• _WORK INSTRUCTION_
Within the listing below, please copy exactly the lines between the line holding "Taxi of New" and the line holding "SPORTNOW Hantelset, verstellbares", inclusive.

• _DATASET EXTRACT_

----

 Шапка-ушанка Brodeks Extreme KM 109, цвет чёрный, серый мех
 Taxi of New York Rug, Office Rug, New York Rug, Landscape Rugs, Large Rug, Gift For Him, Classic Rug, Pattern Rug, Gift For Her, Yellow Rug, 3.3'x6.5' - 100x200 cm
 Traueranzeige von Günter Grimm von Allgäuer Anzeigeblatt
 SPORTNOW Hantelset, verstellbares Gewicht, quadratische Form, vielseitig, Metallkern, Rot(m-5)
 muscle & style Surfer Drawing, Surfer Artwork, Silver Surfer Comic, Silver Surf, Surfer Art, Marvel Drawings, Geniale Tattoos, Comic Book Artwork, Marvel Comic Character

----

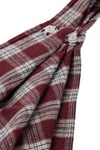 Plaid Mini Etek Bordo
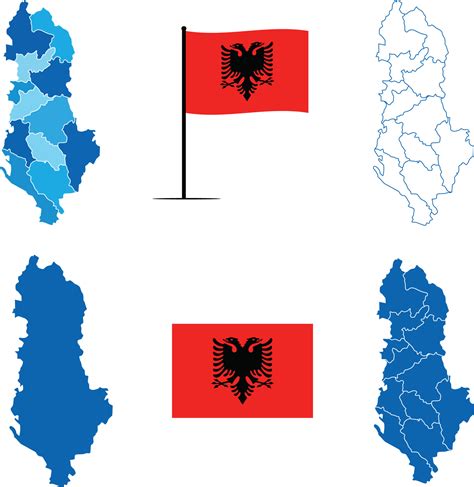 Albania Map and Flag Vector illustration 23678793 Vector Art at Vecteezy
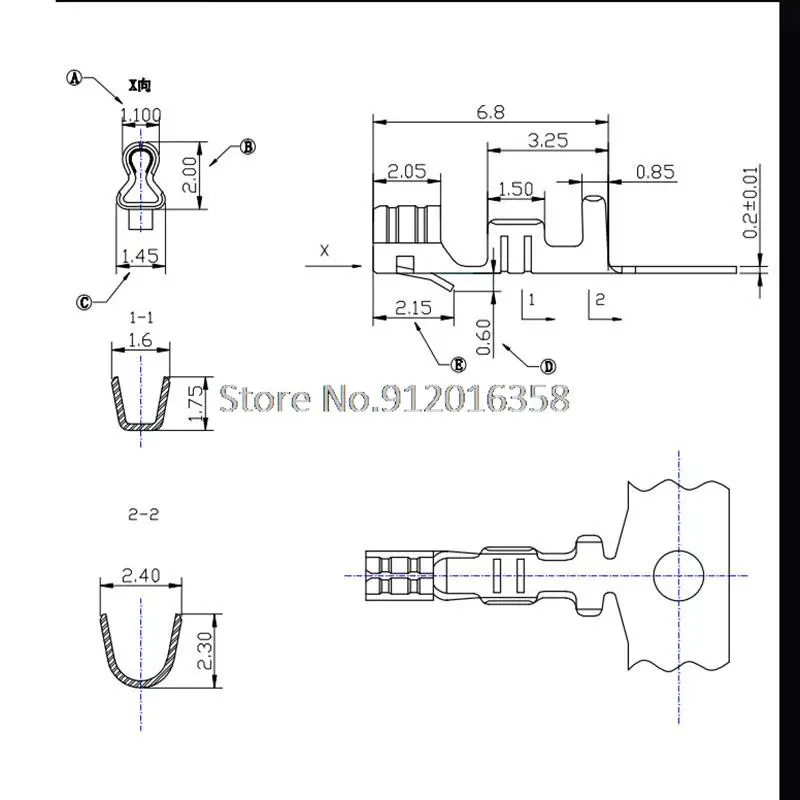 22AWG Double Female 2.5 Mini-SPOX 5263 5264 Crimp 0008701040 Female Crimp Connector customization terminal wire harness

----

• _THE COMPLETED TASK_
 Taxi of New York Rug, Office Rug, New York Rug, Landscape Rugs, Large Rug, Gift For Him, Classic Rug, Pattern Rug, Gift For Her, Yellow Rug, 3.3'x6.5' - 100x200 cm
 Traueranzeige von Günter Grimm von Allgäuer Anzeigeblatt
 SPORTNOW Hantelset, verstellbares Gewicht, quadratische Form, vielseitig, Metallkern, Rot(m-5)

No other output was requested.